Here are some of the ways existing systems deal with the issue:

1. Dying = Unconscious

This is the way D&D handles injury. Your character basically has two states: healthy/conscious if your HP are positive, and dying/unconscious if they're negative. Barring edge cases like the disabled condition and certain feats and spells, there's no way to be dying and conscious. You're either up and ready to fight, or on the floor and bleeding out.

The main advantage to this approach is that it's simple, and there's no tracking of wound penalties. The downside is that it's impossible to have a life-threatening injury that doesn't also knock you out (which eliminates a lot of interesting story options) and there's no middle ground between 'healthy' and 'dying'.

2. Wounded, More Wounded, Incapacitated, Dead

This is the way systems like White Wolf and L5R do it. You take increasing wound penalties the more damage you take, then there's a final narrow band where you're incapacitated, then any further damage kills you.

This gives a more graduated system than D&D, and is more realistic as wound penalties go.
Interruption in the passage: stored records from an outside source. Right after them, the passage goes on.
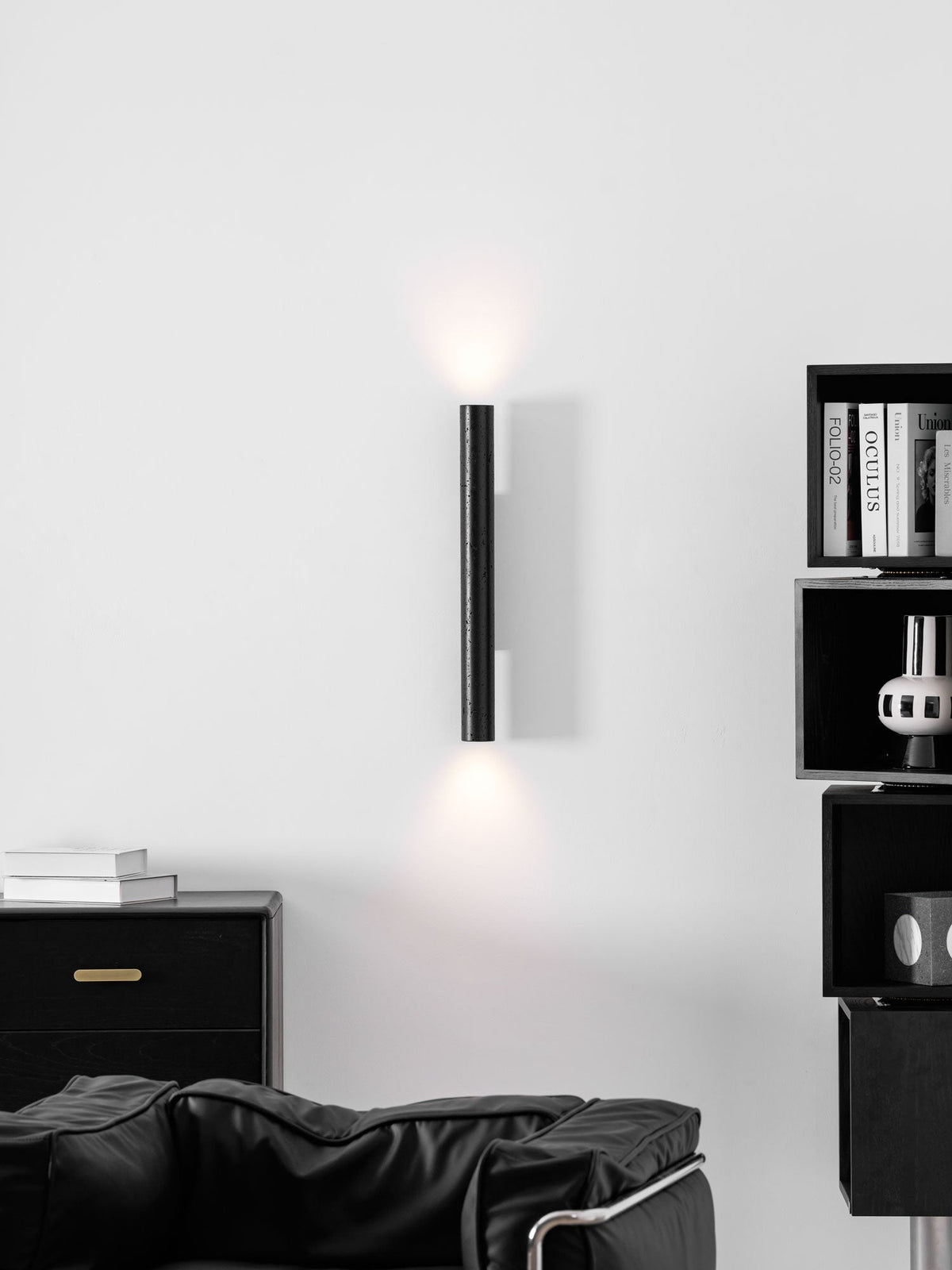 A tall Clérachic cylinder wall light glowing both ways above a black leather armchair and a dark sideboard.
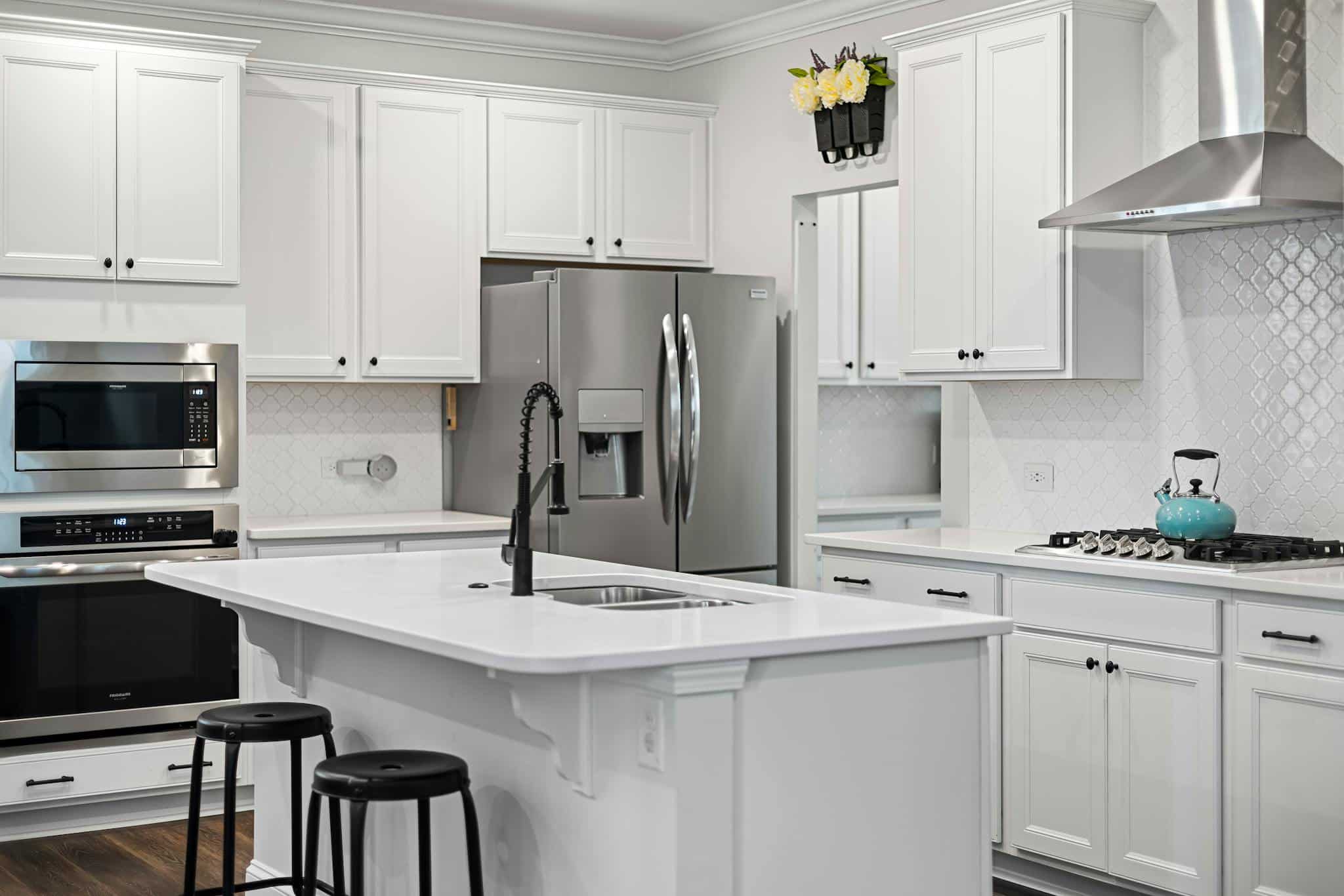 Spacious and elegant white kitchen with modern appliances, island, and stylish decor.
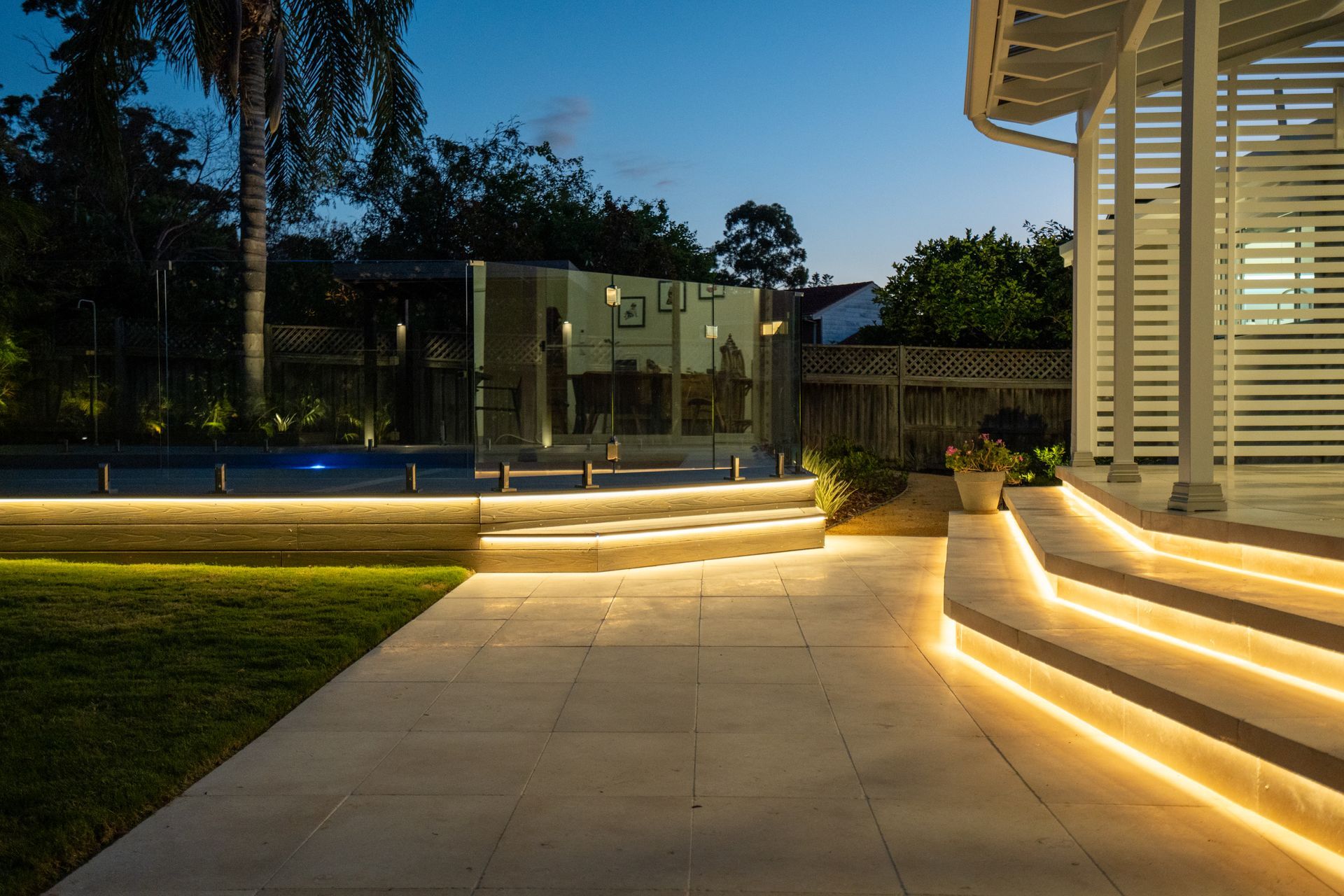 The stairs are lit up at night and there is a pool in the background.
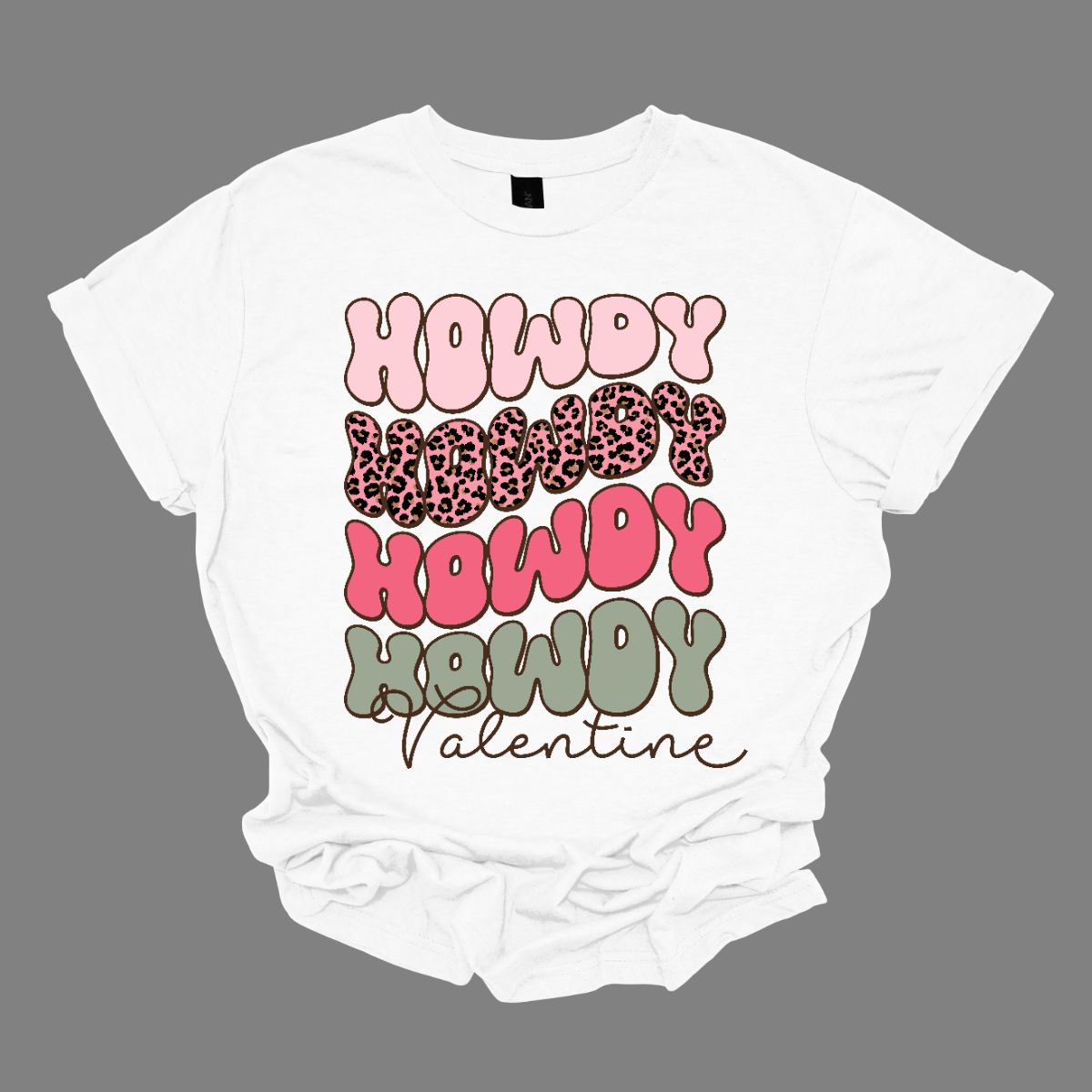 Introducing our "Howdy Valentine" T-shirt – a retro-inspired masterpiece that adds a touch of vintage charm to your Valentine's Day celebration. This shirt features a stylish retro font in soft pinks and sage colors, creating a delightful and nostalgic vibe perfect for expressing love with a Western twist.  The phrase "Howdy Valentine" is elegantly displayed in a retro font, evoking the classic aesthetics of bygone eras. Shop at Gorgeousware.com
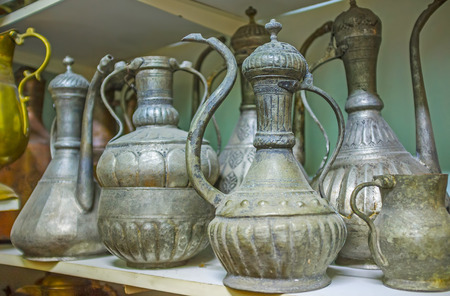Hand chased dallah coffee pots in antique store of Old Bazaar in Antalya, Turkey.の写真素材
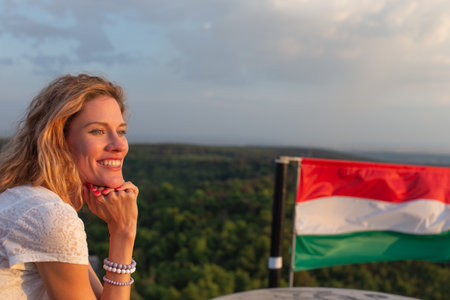 Happy young cheerful Caucasian woman relaxing in nature at Hungarian flag, Hungary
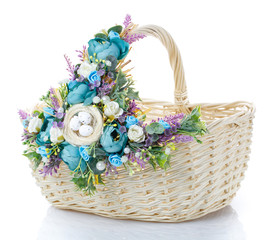 decorated empty wicker basket on a white background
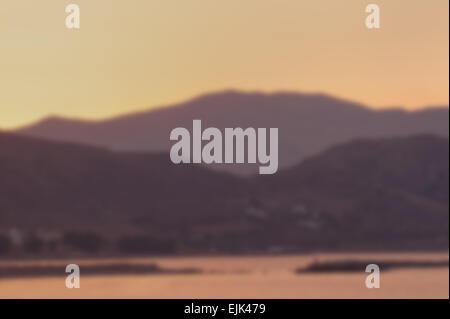 Blurred background of hills and mountains at sunset  with sea in the foreground. Designed to work with text overlays including t Stock Photo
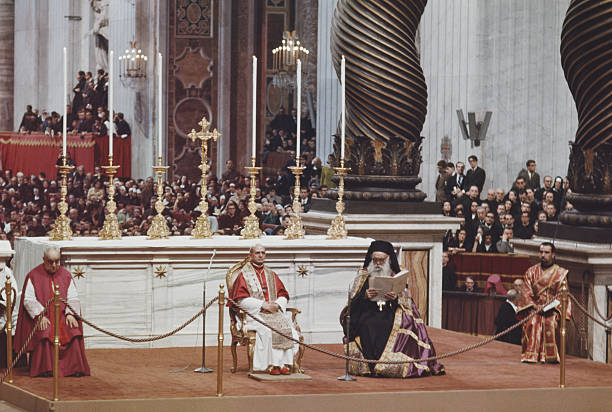 Black and white photograph of two elderly churchmen side by side at a ceremony, one with a long white beard and a tall dark headdress, the other in papal white vestments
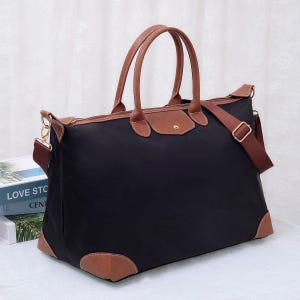 May include: Black travel tote bag with brown leather detailing. Features include a top handle, shoulder strap, and leather corner and flap details. The bag has a rectangular shape and a gold-coloured clasp.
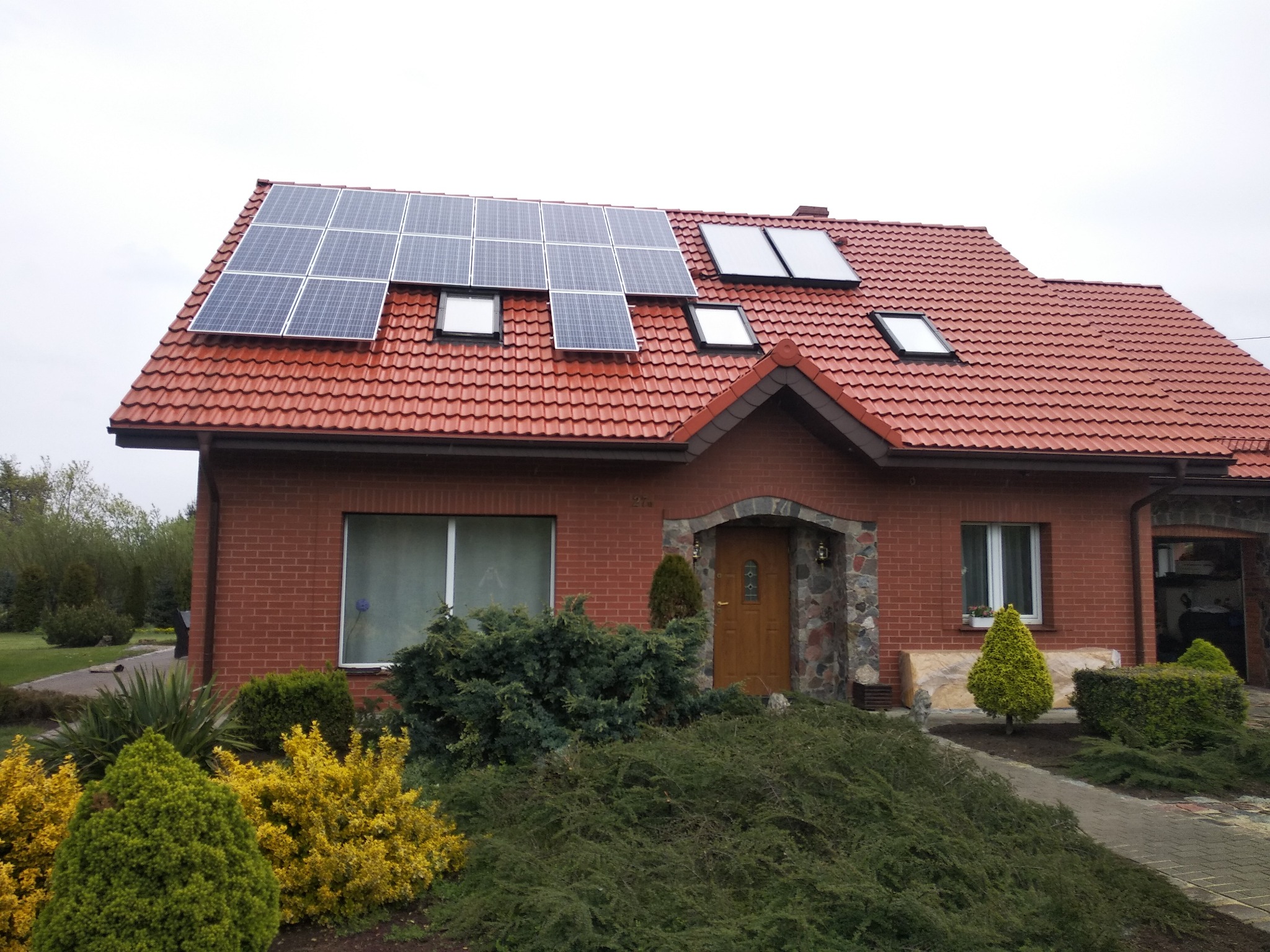 Dom jednorodzinny z czerwoną dachówką i panelami słonecznymi umieszczonymi na dachu obok okien dachowych, widok z poziomu ogrodu z różnorodną roślinnością.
On the downside, the penalties are extra work to track and tend to produce a 'death spiral' effect where you can't effectively fight back or get away, and the 'incapacitated' band is narrow enough that once you're seriously injured the next hit is usually an instakill. Also, like D&D, they system has no provision for being mortally wounded but still upright, conscious, and fighting.

3. Dying != Unconscious

This is the way systems like GURPS do it (or they did the last time I played). Taking damage gives you penalties, forces checks to stay conscious, and eventually forces checks to stay alive, but doesn't automatically knock you out. This means it's possible to have multiple fatal wounds and still keep fighting for a while (though you'll probably still die eventually unless you get some really impressive medical care).

This gives more variety than the first two systems, but means you have to track two separate things – whether you're conscious and whether you're dying have nothing to do with one another.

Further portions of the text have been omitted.